Atualmente, o “concierge” está atrás das grandes, na mesma penitenciária de segurança máxima de Brasília (DF) na qual cumpre pena, desde 2023, Marco Willians Herbas Camacho, o Marcola, líder máximo do PCC.

Base do PCC em Moçambique

A investigação da PF mostra que o “concierge” estabeleceu uma base da facção brasileira em Moçambique, ao menos desde julho de 2018, quando Marcos Roberto de Almeida, o Tuta, foi contratado como adido comercial do Consulado Honorário de Moçambique em Minas Gerais.

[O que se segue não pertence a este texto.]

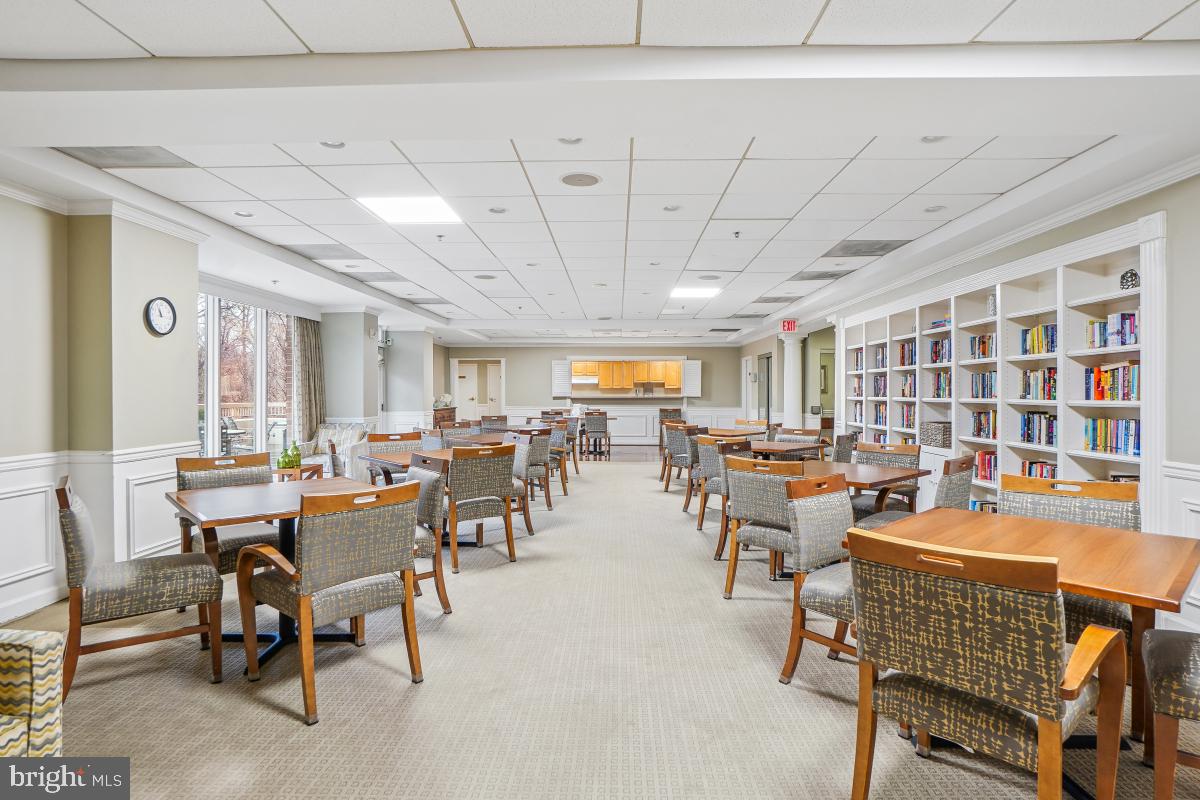 LEISURE WORLD - Residential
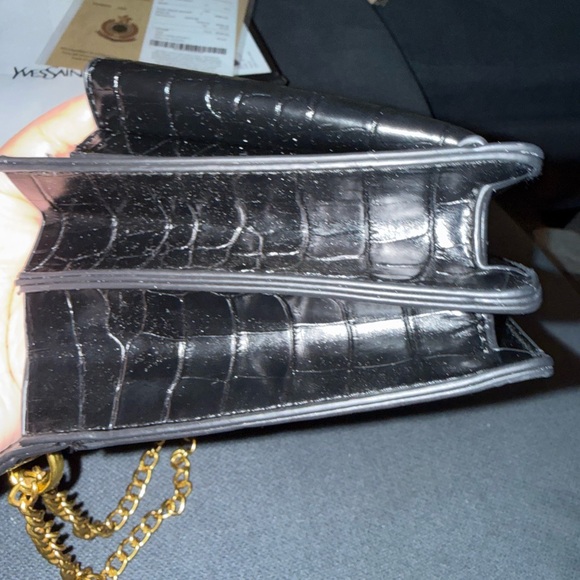 Saint Laurent Black Croc-Embossed Crossbody Bag with Gold Chain - Picture 3 of 11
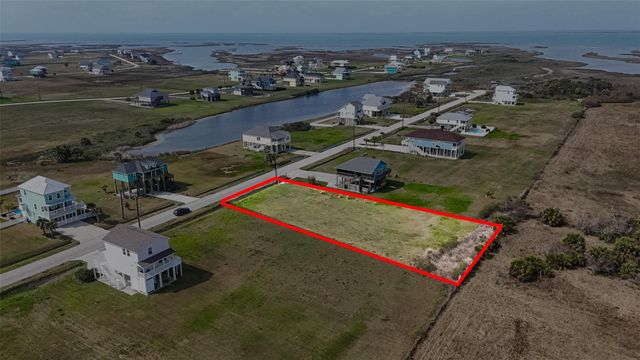 18047 Shaman Drive, Galveston, TX 77554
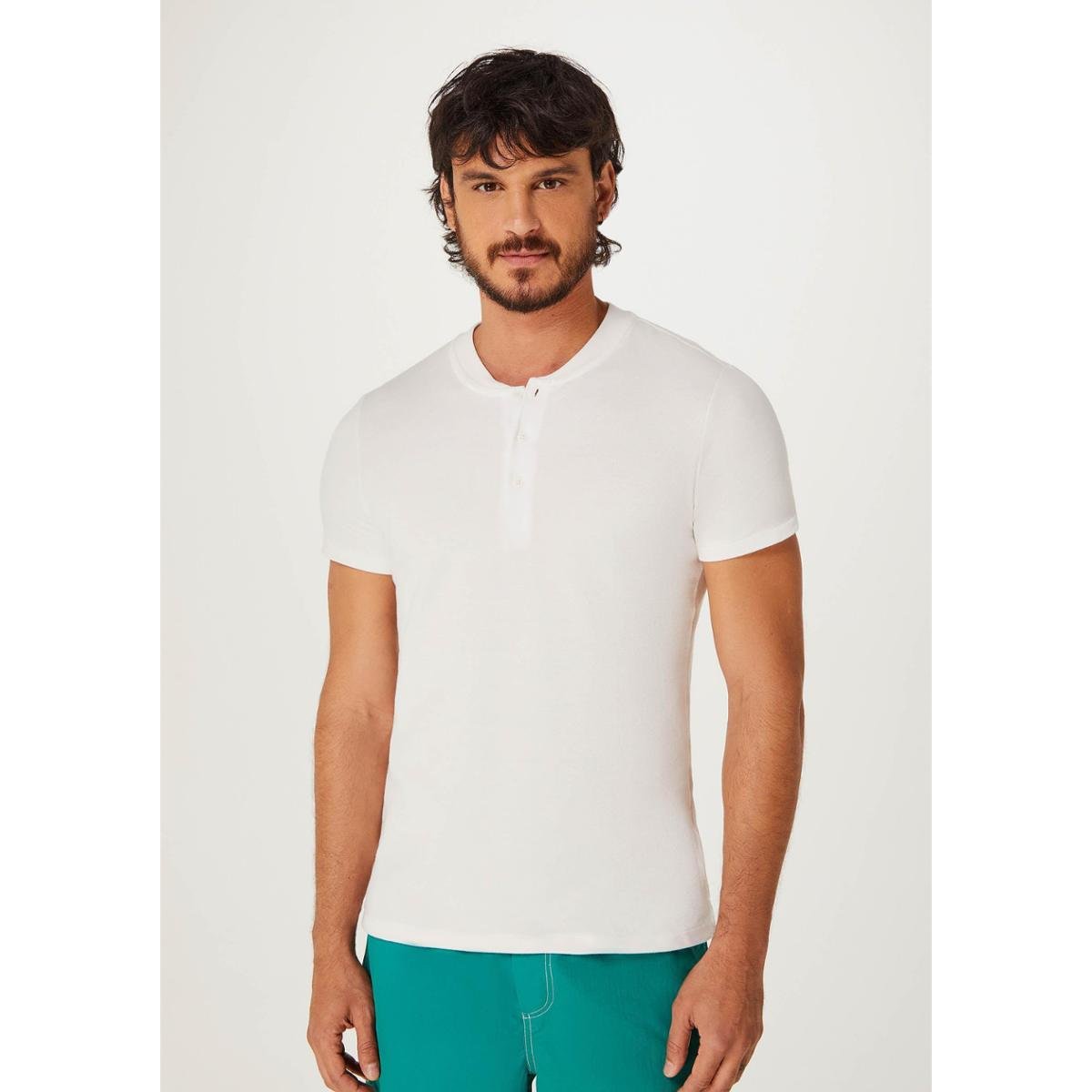 Camiseta Básica Hering Manga Curta Com Botões Masculina Menor preço em Camiseta Básica Hering Manga Curta Com Botões Masculina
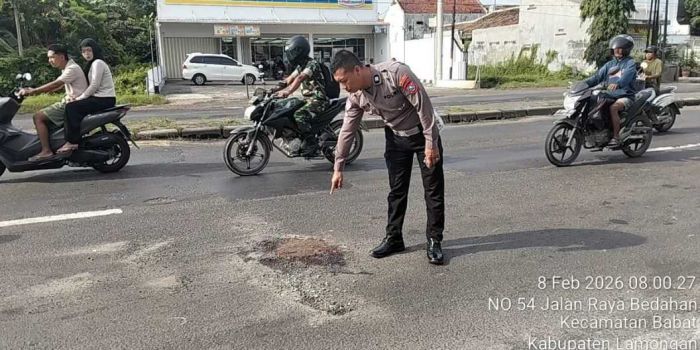 Pasutri Pemotor Alami Laka di Babat Lamongan, Istri Tewas Terlindas Truk Box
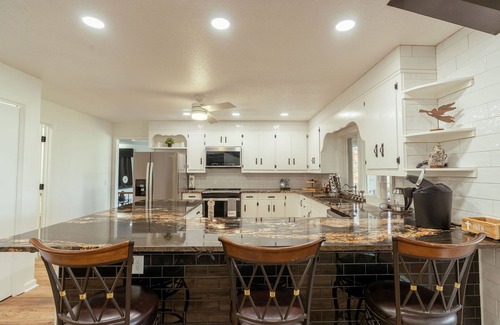 Heber Springs House | 4 Bedroom + 3.5 Bathroom Greers Ferry Lakefront Home in Heber Springs!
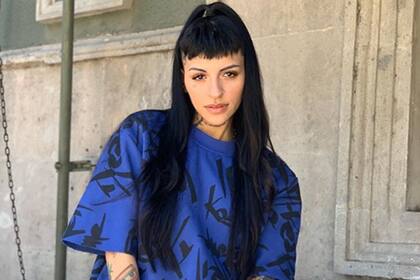 Cazzu anunció a través de un comunicado que su show de éste sábado en el Luna Park se reprograma para el 30 de mayo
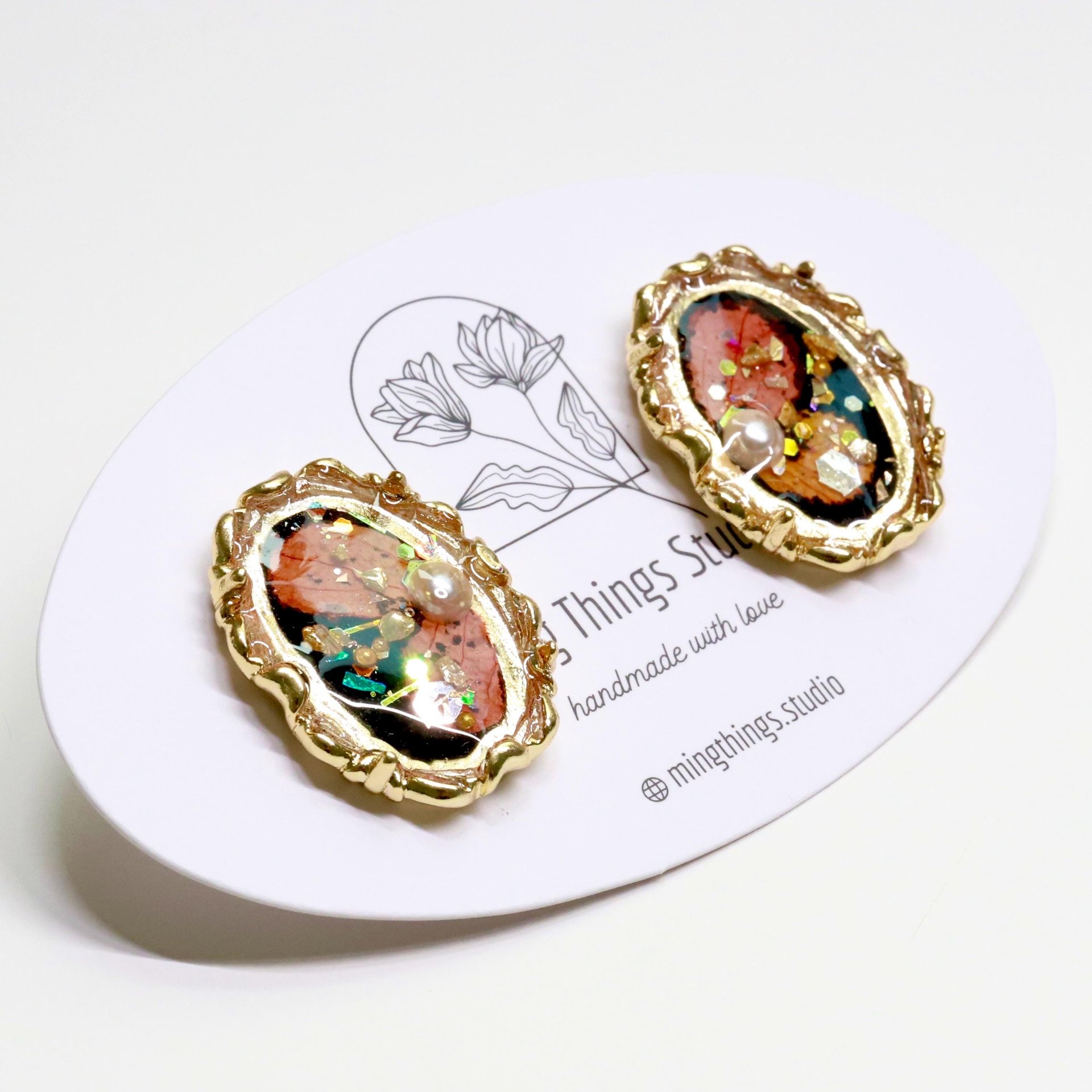 Handmade Exquisite Vintage Baroque Style Real Hydrangea Flower Stud Earrings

Tuta se tornaria a principal liderança do PCC fora do sistema carcerário, responsável pelas relações comerciais ilegais e pela logística para realizá-las para a facção. Ele está oficialmente foragido, mas existe a suspeita de que teria sido assassinado por supostamente desviar dinheiro da organização criminosa. Tuta teria ajudado a facção a lavar R$ 1 bilhão.

Na ocasião da contratação de Tuta, como destacado pela PF, Senna “já tinha vínculo empregatício no referido consulado”, mantendo “relação de proximidade” com o cônsul Deusdete Januário Gonçalves — a ponto de ambos posarem para uma foto apertando as mãos em frente ao prédio da representação diplomática (foto de destaque).

Venda de imunidade

Fazendo jus ao papel de “concierge” do PCC, Senna oferecia “produtos” e “serviços” para membros da facção, como a compra de carteiras de cônsul, dando aos criminosos imunidade diplomática. Para isso, como mostra a investigação da PF, as carteiras consulares eram comercializadas por Deusdete, cada uma, por R$ 2 milhões.

De acordo com o documento policial, o cônsul justificava o alto valor com promessas de privilégios, como “imunidades inerentes à atividade consular, principalmente a inviolabilidade dos escritórios de representação consular, nos quais a polícia não poderia adentrar”. Os escritórios do consulado africano, em outras palavras, poderiam ser usados para movimentar recursos e guardar o dinheiro resultante dos negócios ilegais da facção.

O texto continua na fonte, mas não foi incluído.